> [Dataset content]:
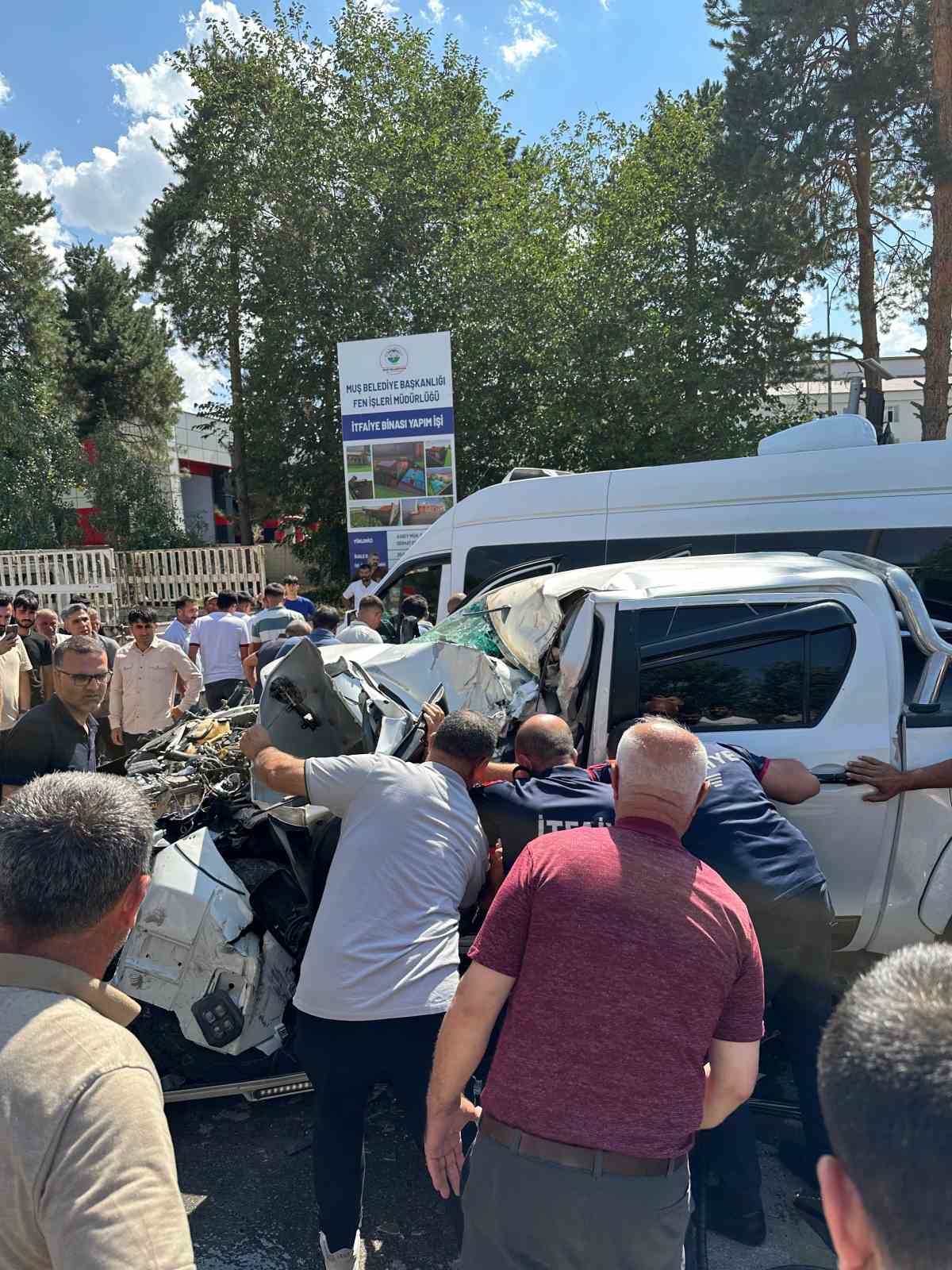 Muş’ta kamyonet kamyona arkadan çarptı: 2 yaralı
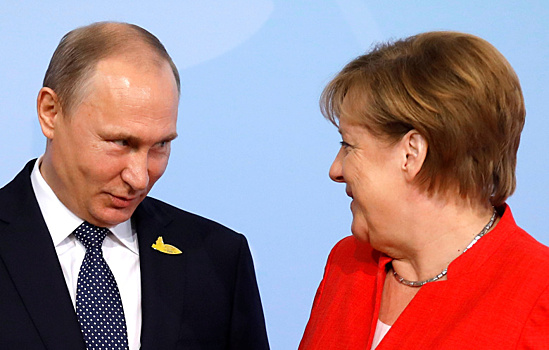 СМИ: Меркель преподнесла «прощальный подарок» Путину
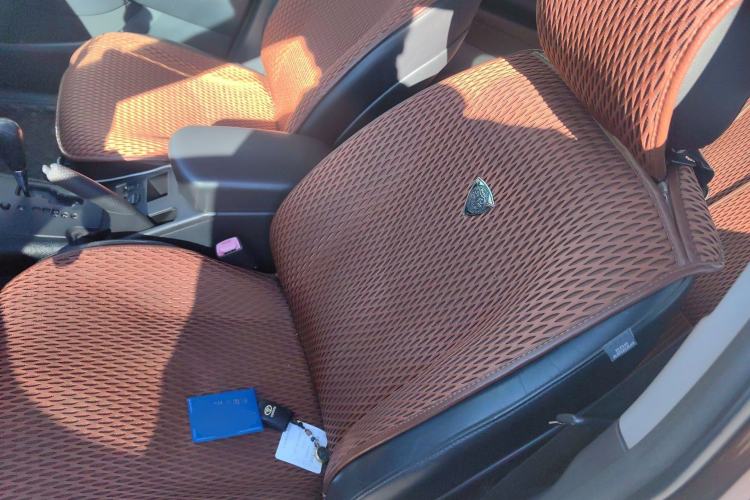 Used Toyota RAV4 2010 2.4L Automatic Deluxe Upgrade Edition Left Front Seat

> [Task requirements]:
Output the lines above in full and exactly as given, omitting any pictures.

> [Response to the task]:
 Muş’ta kamyonet kamyona arkadan çarptı: 2 yaralı
 СМИ: Меркель преподнесла «прощальный подарок» Путину
 Used Toyota RAV4 2010 2.4L Automatic Deluxe Upgrade Edition Left Front Seat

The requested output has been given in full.